This is the time of year that I'm always mindful of Sir Winston Churchill. "(I)t has been said," Sir Winston is quoted as noting, "that democracy is the worst form of government except all the others that have been tried." We've been at it here in these more or less United States, in varying degrees and with varying amounts of success, for far more than the proverbial four score years and ten, doubled plus another fraction, and in many respects we approach elections, from the highest office in the land to the most local election we can imagine (inversely and perversely, the ratio of the office itself to a direct impact on our lives is a cause of some smiles, at least for me) as outlined in the legendary description of the six phases of a project.
The Six Phases of any project are: Enthusiasm, Disillusionment, Panic, Search for the Guilty, Punishment of the Innocent and Praise and Honor for the Non-Participants. If you've been on this orb for more than an hour, congratulations, and, you know that the six phases applies to almost anything from child-rearing, through relationships to political decisions and beyond.

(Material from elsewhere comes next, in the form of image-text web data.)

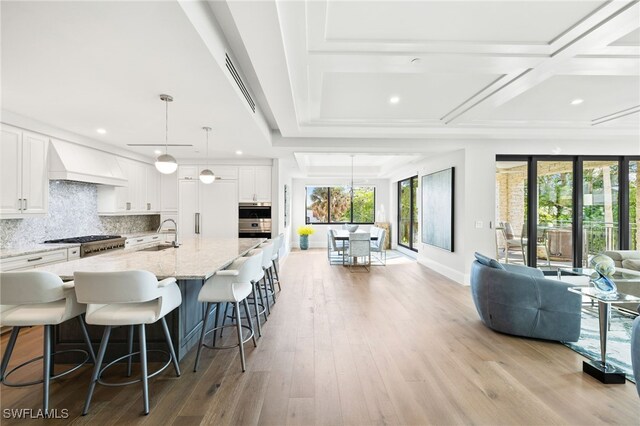 kitchen with light stone countertops, custom range hood, a large island with sink, white cabinetry, and hanging light fixtures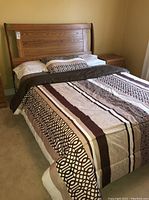 Full view of queen bed made with bedding showing wood frame and comforter with pillow arrangement.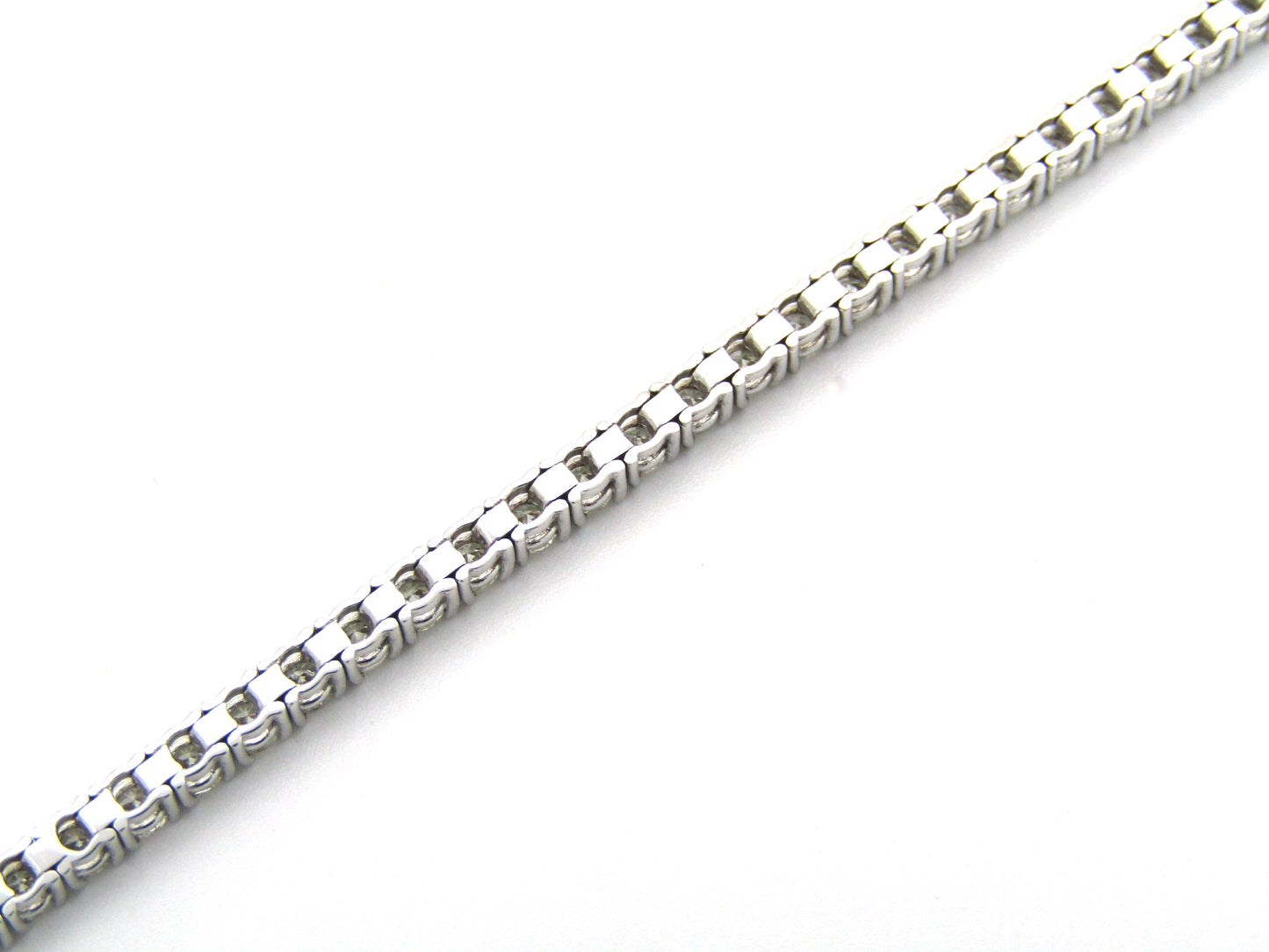 18K gold diamond tennis bracelet.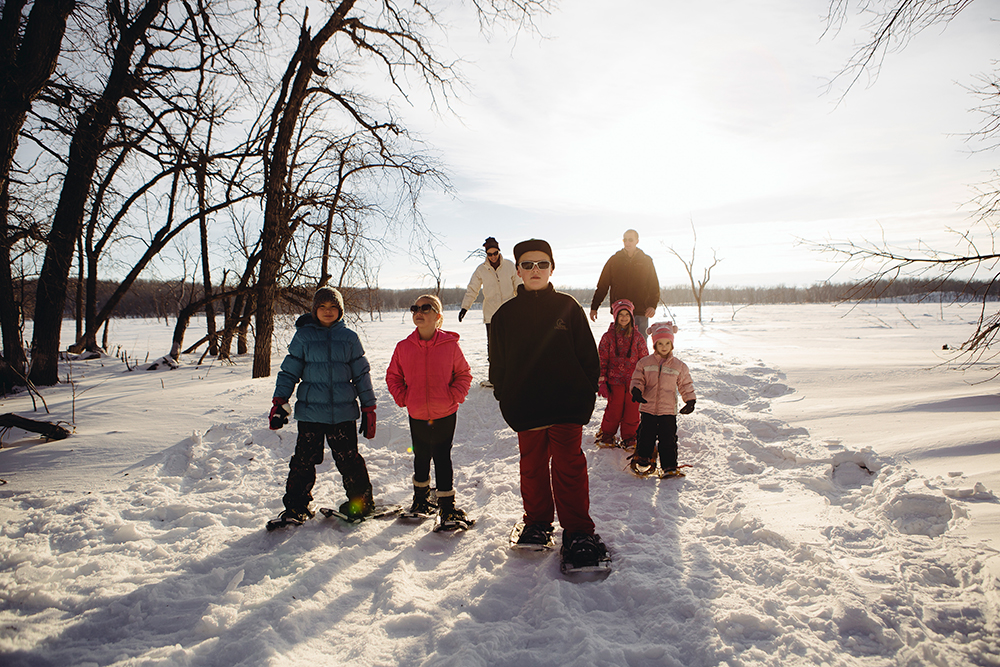 Family hike in winter at Devils Lake. Credit North Dakota Tourism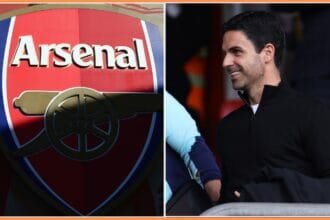 Arsenal club crest and manager Mikel Arteta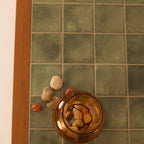 Close-up of green tiled top on wooden coffee table with decorative stones by RISA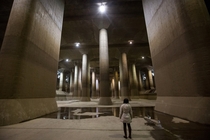 A tourist views the enormous pressure-adjusting underground water tank during a tour of the Metropolitan Area Outer Underground Discharge Channel facility in Tokyo Japan Chris McGrath 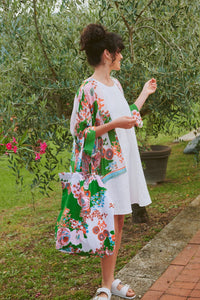 Model wears a One Hundred Stars Kitsch Bouquet Kimono over a white dress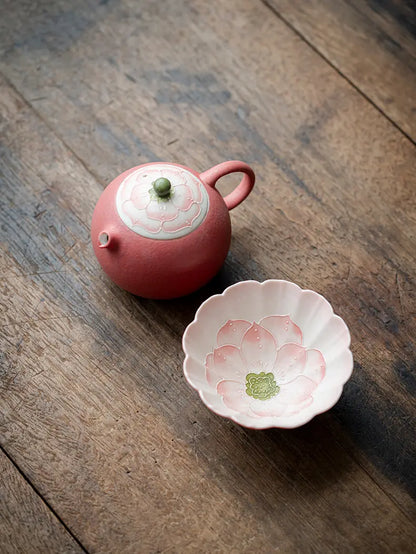 Top view of a pink lotus ceramic teapot with one flower-shaped teacup on a wooden table
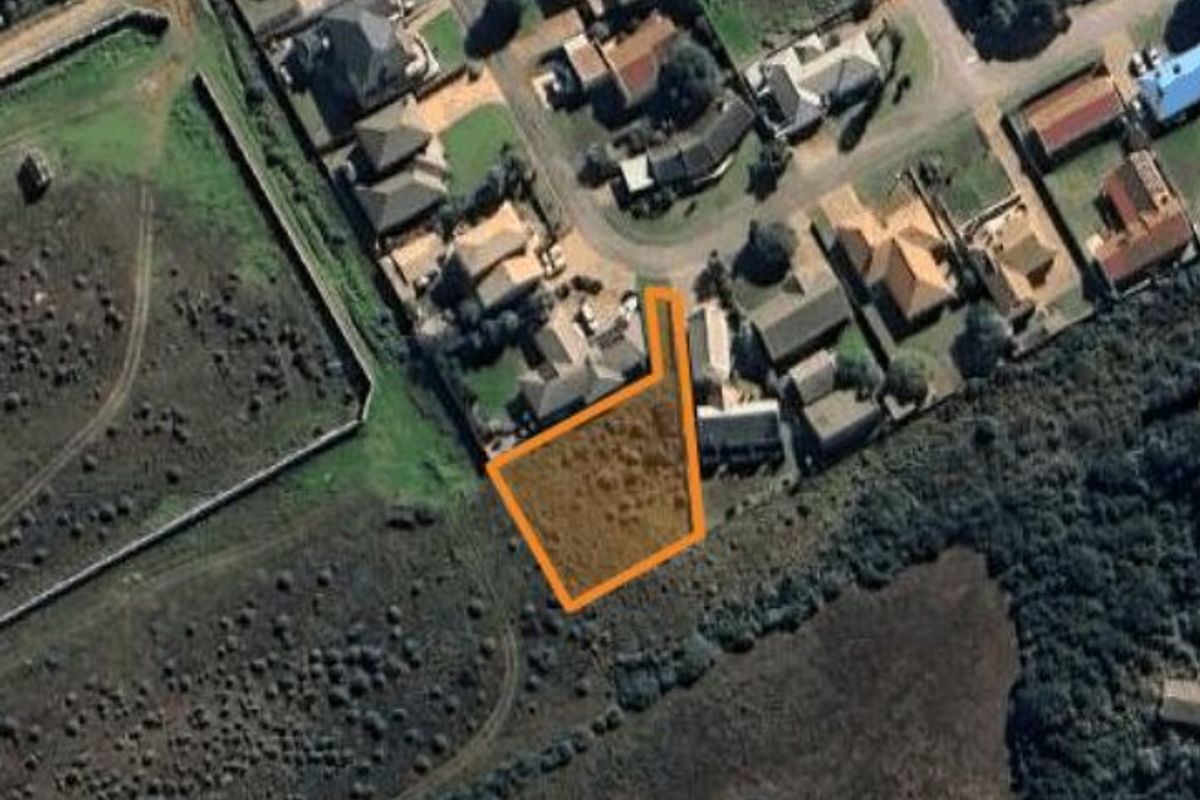 An aerial view showing the vacant residential land plot highlighted in a suburban neighborhood setting.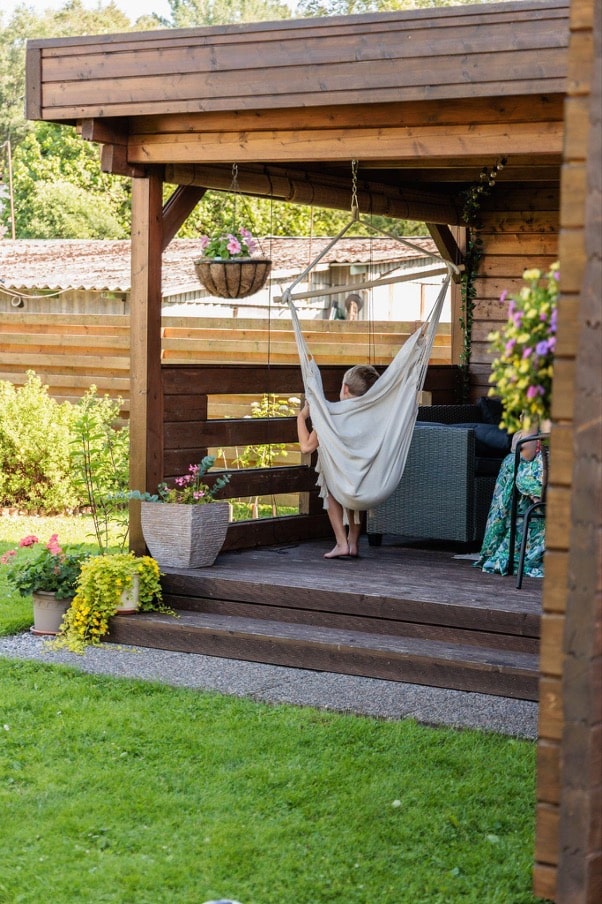 Kind im Hängesessel auf der Veranda des Gartenhauses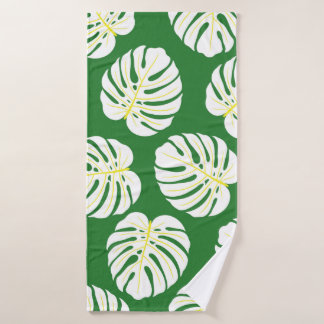 Seamless pattern of white monstera leaves on a dar bath towel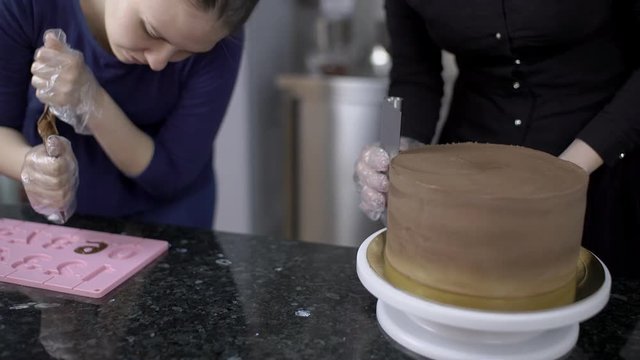 Two female confectioners are working on cake for celebration. Professional is turning the baked candy aroung and deleting pieces with spatula and her colleague is fulfilling pink plastic form with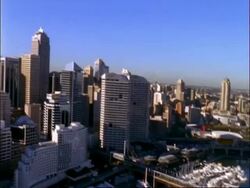 Aerial view of Sydney skyline, pan left over harbour, Sydney, Australia Stock Footage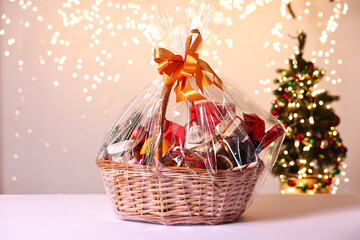 Wicker gift basket with wine on white table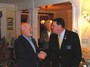 PDG Jim Pierce congratulates Cap Neilson, who has now become a level 7 Paul Harris Fellow.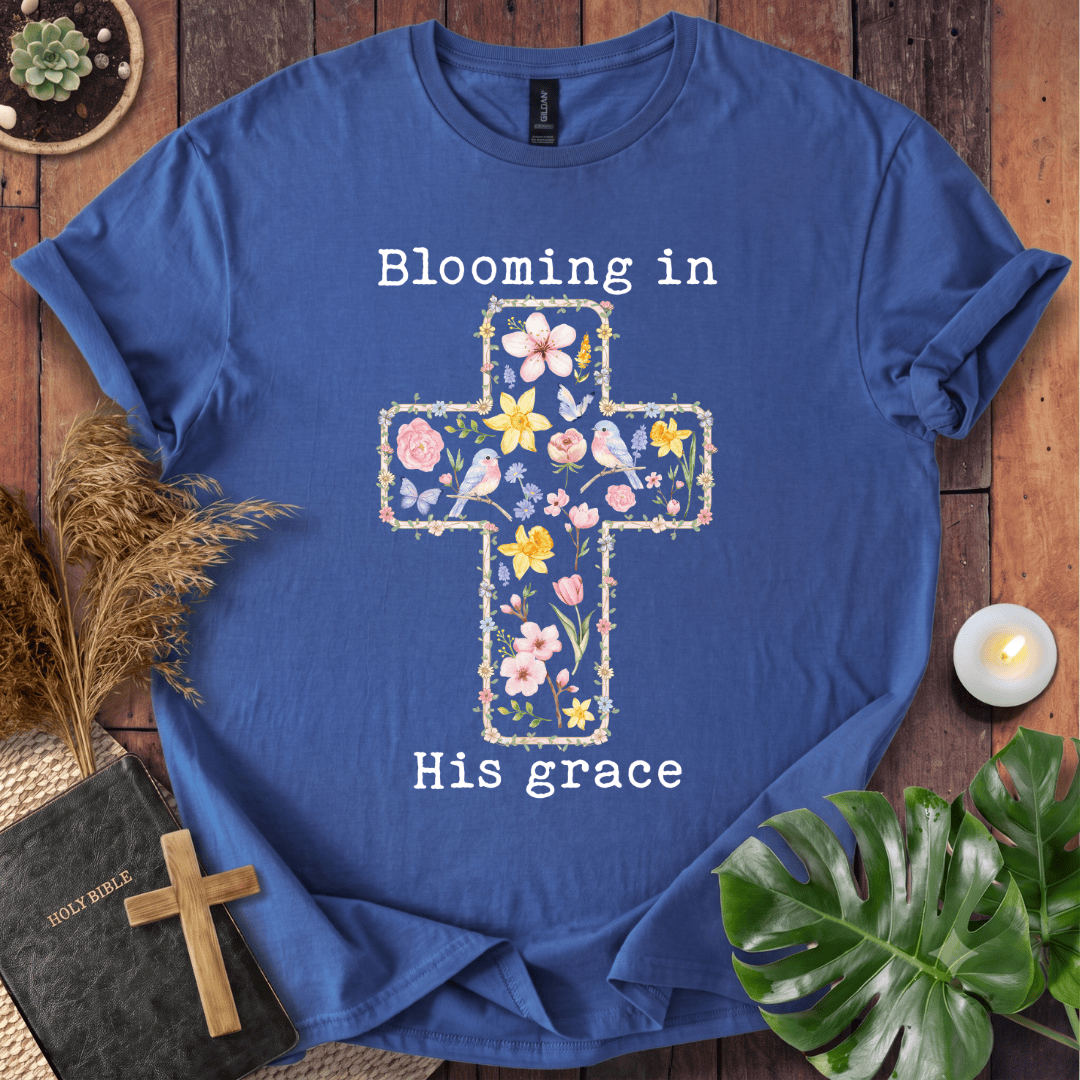 t-shirt featuring a cross filled with colorful wildflowers and birds, with the text "Blooming in His grace".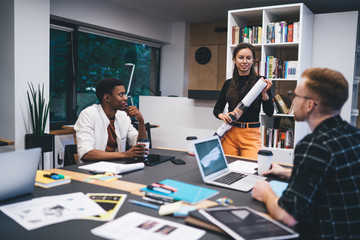 Talking diverse colleagues at table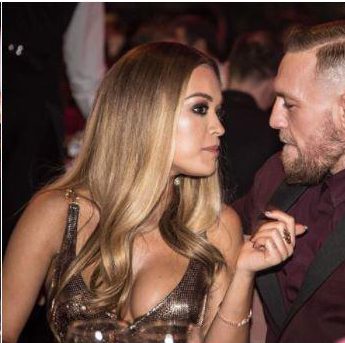  Rita Ora supposedly sat on Conor McGregor's lap and another woman has branded her a 'whore'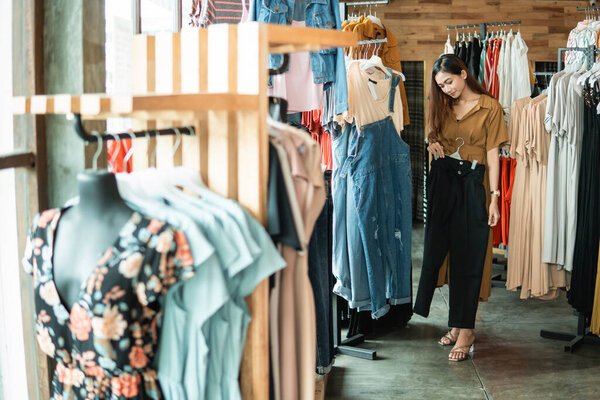 woman looking at some clothes in the fashion store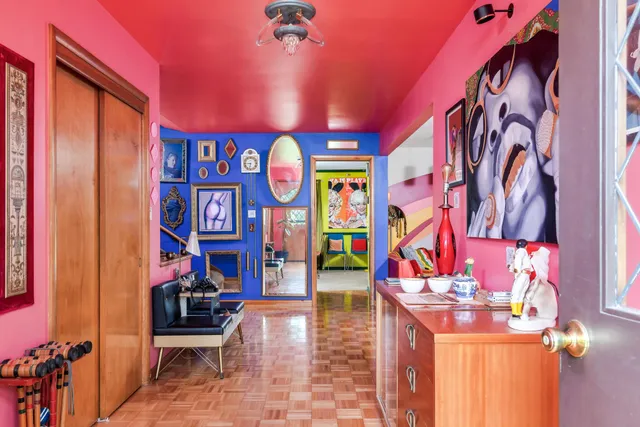 a group of people sitting outside of a building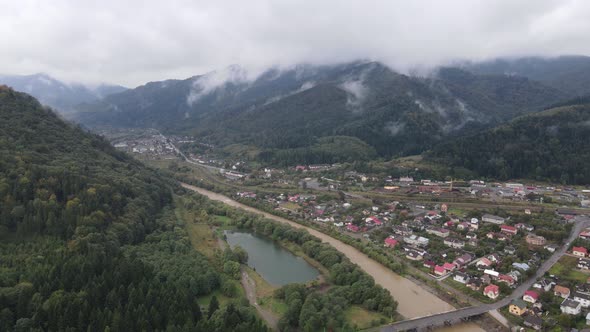 Aerial View of the Village in the Carpathian Mountains in Autumn. Ukraine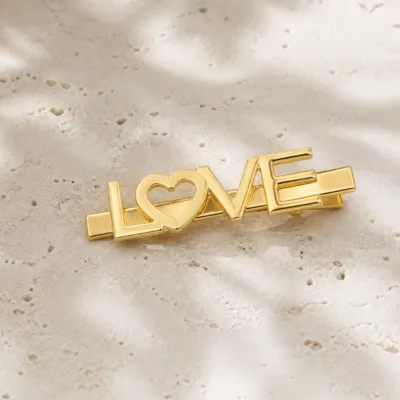 Gancho de cabelo LOVE com coração em acabamento dourado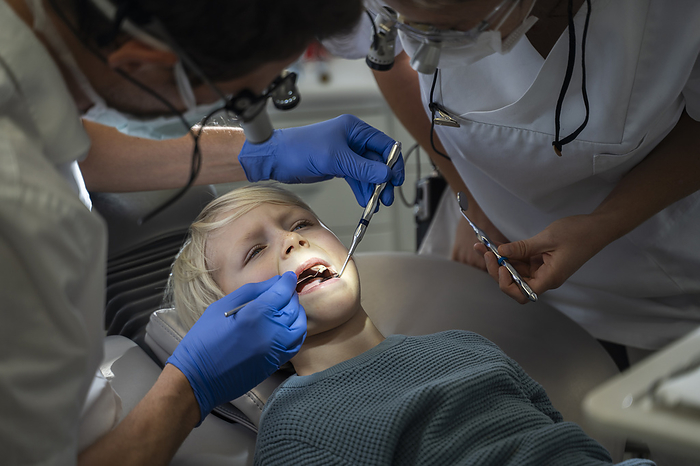 Dentist examining patient's teeth near assistant in clinic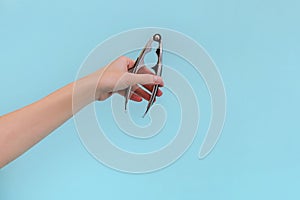 Nutcracker in woman's hand on blue background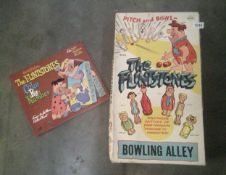 A rare welsotoys, the flintstones bowling alley, and colour by numbers book.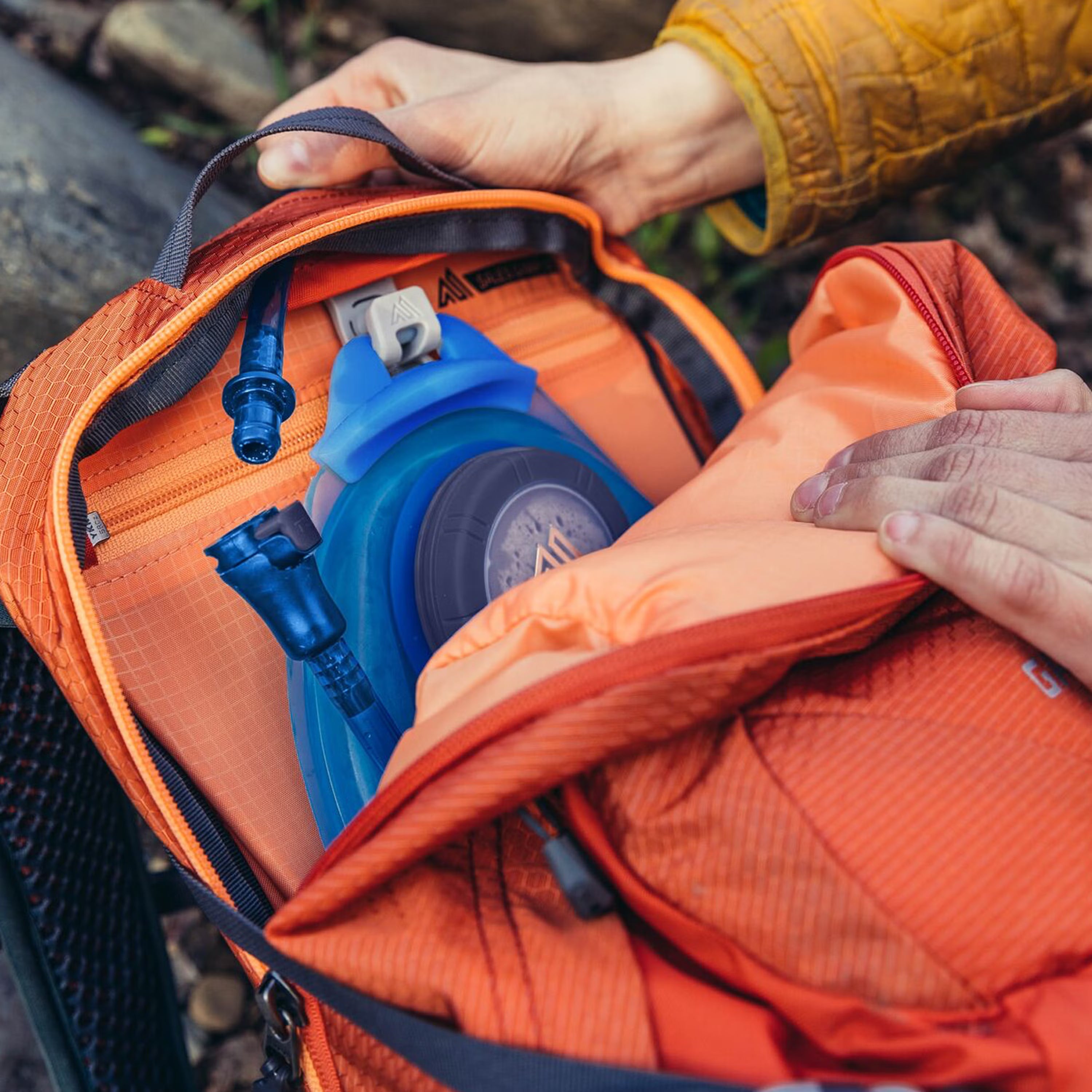 Person opening an orange backpack with a blue water bottle inside, outdoors.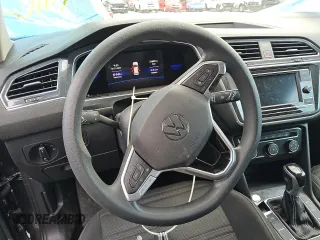2023 Volkswagen Tiguan S z VIN 3VVRB7AX4PM043335, wystawiony jako Copart lot #59045145 z przebiegiem 31 659 mil mil oraz Szkoda całkowita • Salvage title. Historia ofert i sprzedaży dostępna na DreamBid. Obrazek 9.
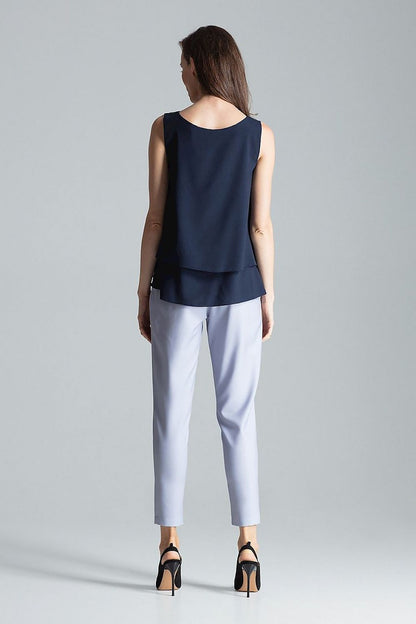 Flared bottom detail of Blouse Figl, enhancing the luxurious silhouette for a chic look.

Last November a large number of us waxed rhapsodic with the election of Barack Obama to the Presidency. A year on and some of us, and maybe more than some, are crestfallen about how the economy is still sputtering, how "the war" (I love the use of the definite article in that construct. I can almost hear War Pigs, and so can you) still goes on, the battle for affordable and accessible health care (and the separate debate on whether those are perhaps mutually exclusive terms) rages and how the parting on the left is now parting on the right (If it helps, I've only got the moustache-I got rid of the beard).
I feel very strongly the President may be at least partially responsible for the lack of pony rides for my birthday (though his predecessor, Mr. Bush, also failed in each of the preceding eight years to come through) and I remain convinced that, while Mr. Obama is an American, he most assuredly may have had something to do with Bill Buckner booting that grounder in Game Six of the '86 World Series. And/or the break-up of The Spice Girls. Glenn Beck is looking into all of this.
And as the elections move closer to home, hand on my heart (and you, too), some of the people we embraced eagerly as the 'future' in the last campaign are now the embodiment of 'more of the same' and we can't be rid of them quick enough (Yeah, I'm thinking of two in particular in my neck of the woods which makes me unkind). How did all these bright and eager people, whom we know because they're our neighbors and often our friends, go from heroes to zeroes (and so quickly!) and what will happen to those for whom we next vote?
It's good and right that we take our democracy seriously-we should. There are too many crazies in The Real World who have nothing to live for-and people who have nothing to live for, always find something to die for and then they want you to die for it too.
But as we start to reach those final decisions on which neighbors will help make us the greatest place on earth (and in its history) in which to live, let's make sure we think about saying thank you to everyone who stepped up and stepped forward to be a light and lend a hand.
"There's no good revolution, just power changing hands.
There is no straight solution. Accept and understand." Easy to say, so hard to do.